The 2003 festival brought more than 300,000 people. The festival showcased an expanded group of independent features, documentaries and short films from around the world, coupled with studio premieres, panel discussions, music and comedy concerts, a family festival, sports activities, and outdoor movie screenings along the Hudson River. The family festival featured children's movie screenings, storytelling, family panels, workshops, and interactive games culminating in a daylong street fair that drew a crowd estimated at 250,000 people.

At the end of 2003, De Niro purchased the theater at 54 Varick Street which had housed the recently closed Screening Room, an art house that had shown independent films nightly, renaming it the Tribeca Cinema. It became one of the venues of the festival.

=== Expansion and new media: 2006–2016 ===
After the departure of Peter Scarlet, who had served as the festival's first executive director from October 2002 to 2007, and in an effort to serve its mission of bringing independent film to the widest possible audience, in 2006, the festival expanded its reach in New York City and internationally. In New York City, Tribeca hosted screenings throughout Manhattan as the festival's 1,000-plus screening schedule outgrew the capacity downtown. Internationally, the Festival brought films to the Rome Film Festival. As part of the celebrations in Rome, Tribeca was awarded the first-ever "Steps and Stars" award, presented on the Spanish Steps. A total of 169 feature films and 99 shorts were selected from 4,100 film submissions, including 1,950 feature submissions, three times the total submissions from the first festival in 2002. The festival featured 90 world premieres, nine international premieres, 31 North American premieres, 6 U.S. premieres, and 28 New York City premieres.

In 2009, Rosenthal, Hatkoff, and De Niro were named number 14 on Barron's list of the world's top 25 philanthropists for their role in regenerating TriBeCa's economy after September 11.

In 2011, L.A. Noire became the first video game to be recognized by the Tribeca Film Festival. In 2013, Beyond: Two Souls, featuring Elliot Page and Willem Dafoe, became only the second game to be premiered at the festival.

From 2015, Spring Studios, located a few doors down from the Tribeca Cinema at 50 Varick Street, became the festival's main venue.

In 2016, the festival announced the introduction of separate narrative award categories for U.S. and International films in order to "deepen [their] support of American narrative filmmakers."

=== COVID-19 pandemic response: 2020 ===
The 19th Tribeca Film Festival, originally scheduled for April 15–26, 2020, was cancelled due to the COVID-19 pandemic. In the weeks and months that followed, Tribeca launched several digital offerings to highlight filmmakers and creators who had hoped to premiere their latest works at the spring gathering. It provided a secure digital platform for 2020 Festival films seeking distribution to be viewed by press and industry and hosted a virtual gathering space for Tribeca N.O.W. Creators Market.

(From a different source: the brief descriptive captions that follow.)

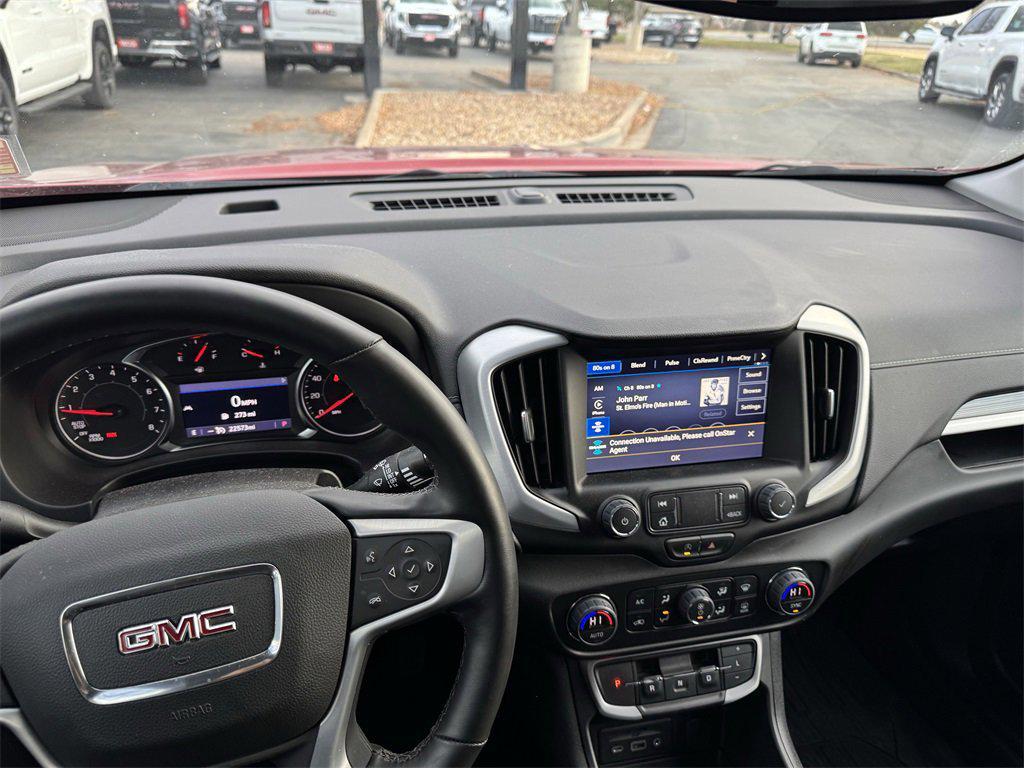 used 2023 GMC Terrain car, priced at $24,899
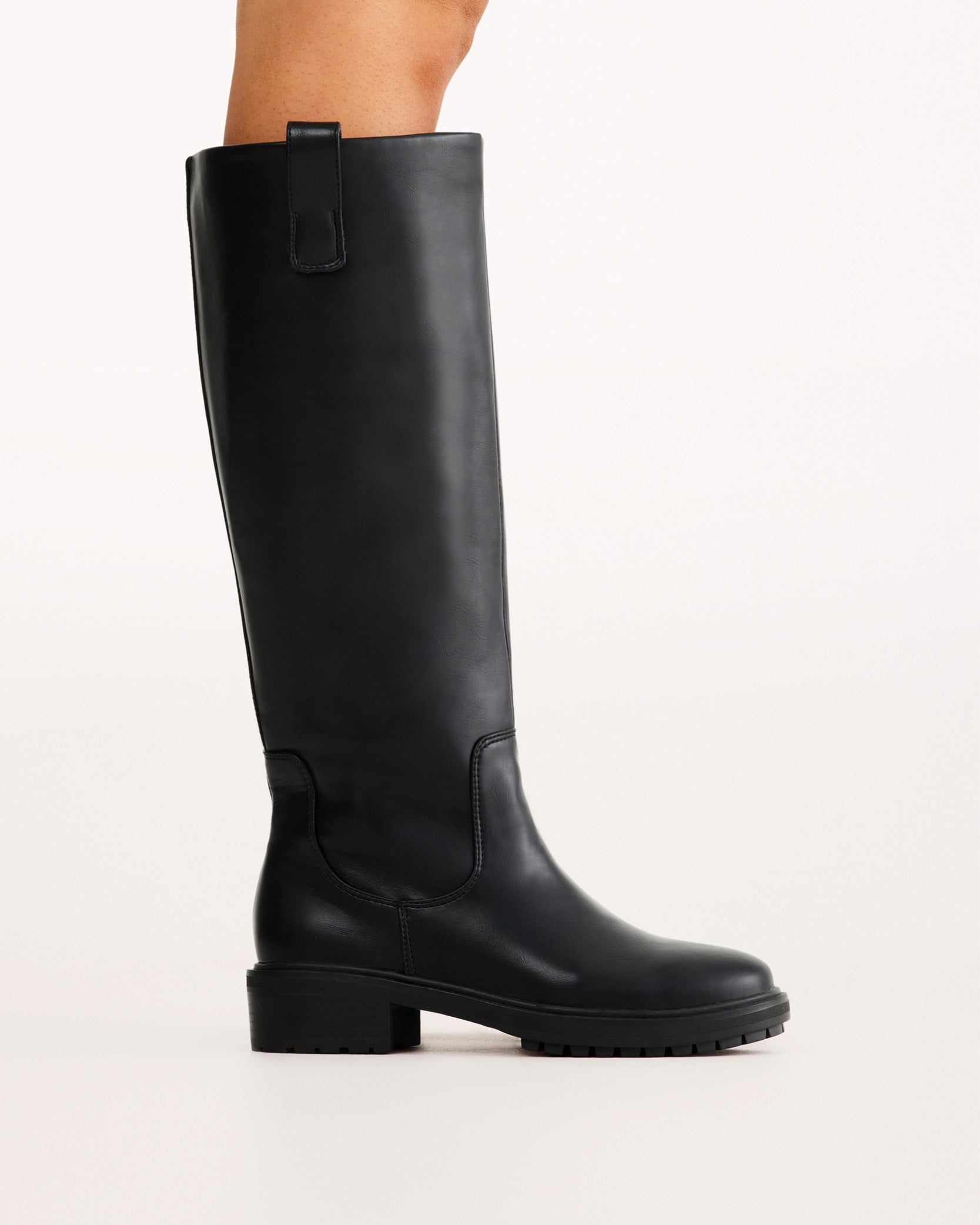 YARLEY - BLACK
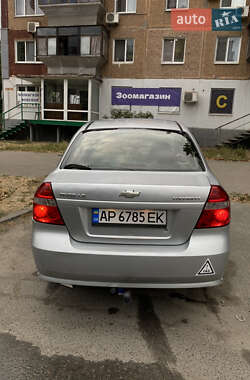 Седан Chevrolet Aveo 2008 в 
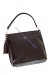 Женская сумка Karya 2152-57 коричневая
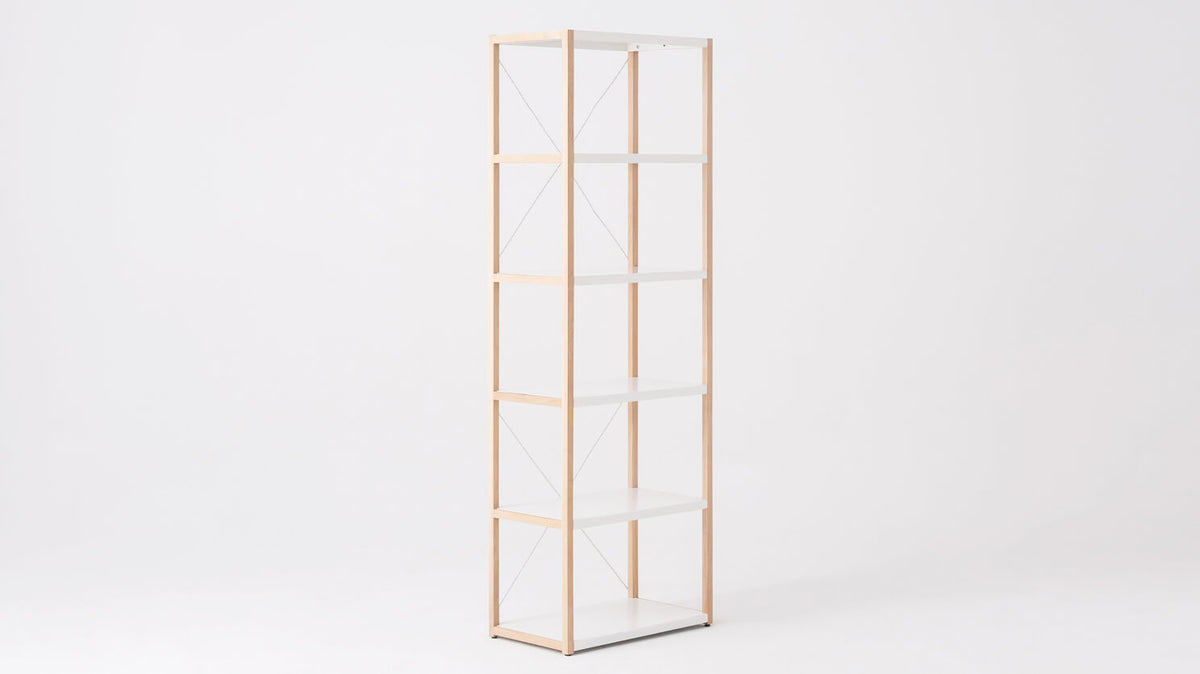 Grow Simple Shelving Unit – view 2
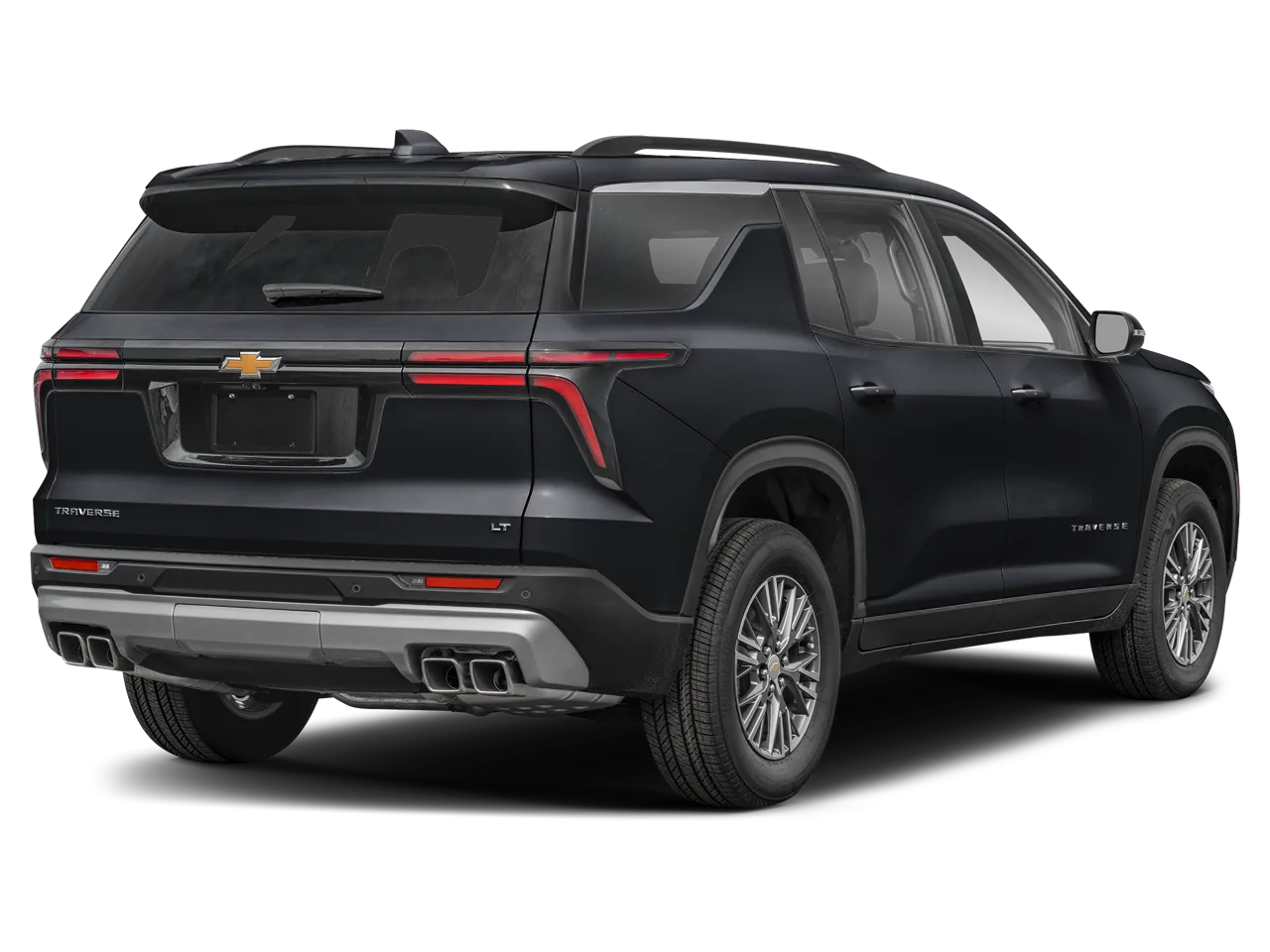 2025 Chevrolet Traverse LT photo 2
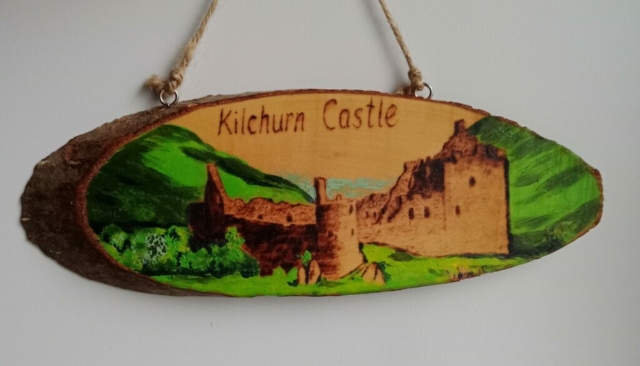 Kilchurn Castle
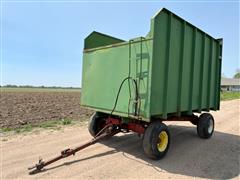 Gnuse Silage Wagon 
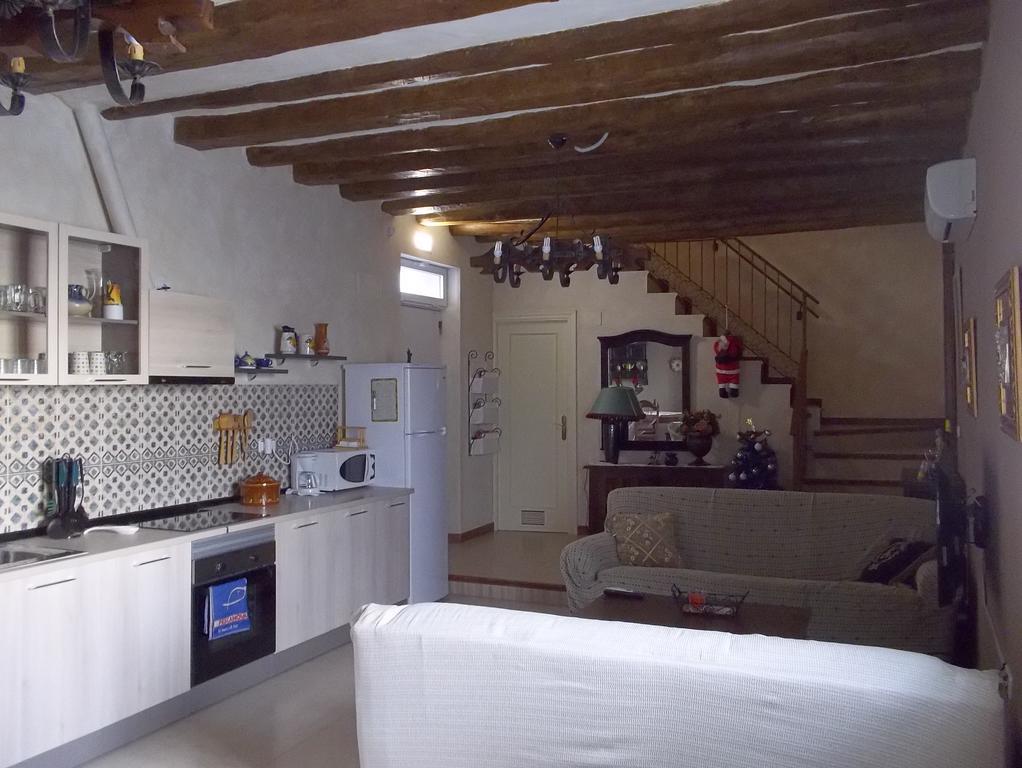 La Palmera De La Insula Country house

In response to the global pandemic, Tribeca organized We Are One in partnership with YouTube, a free 10-day digital festival that provided entertainment and connection for audiences at home and raised international COVID-19 relief funds. The program was co-curated by 21 of the top international film festivals including Cannes, Sundance, TIFF and Venice and showcased over 100 hours of shorts, features, talks and music to an audience of 1.9 million people in 179 countries.

In July 2020, Tribeca launched one of the first large-scale pop-up drive-in series across the country to provide audiences with entertainment in a safe, socially-distanced environment. Screenings took place at the Rose Bowl in Pasadena, CA, Dallas Cowboys AT&T Stadium in Arlington, Texas, Orchard Beach in the Bronx neighborhood of New York and Nickerson Beach in Nassau County, New York. The series employed local production staff and partnered with small food businesses that had been impacted by the lockdown.

On August 7, 2020, organizers announced that the 20th anniversary edition of the festival was to be held from June 9 to June 20, 2021, with a dedicated space to celebrate films whose premieres were not able to take place in the festival that was cancelled in 2020. In a first for the festival, Tribeca also hosted community screenings — in both indoor and outdoor venues — in all five New York City boroughs.

=== 2020s ===
The festival added a dedicated video games category beginning with the 2021 event. Games nominated are presented in online presentations during the Festival, similar to film screenings. That year, the festival dropped "Film" from its name.

Since 2022, the festival has combined the US and International "Best Actor" and "Best Actress" categories into a US and International "Best Performance" categories.

The Tribeca Festival also presents the Artist Awards, an annual program that selects contemporary artists to offer works to winning creators at the Festival; it is currently sponsored by CHANEL. Its 2024 cohort was curated by Racquel Chevremont, who also curated the Tribeca Festival Artist Awards in 2022 and 2023.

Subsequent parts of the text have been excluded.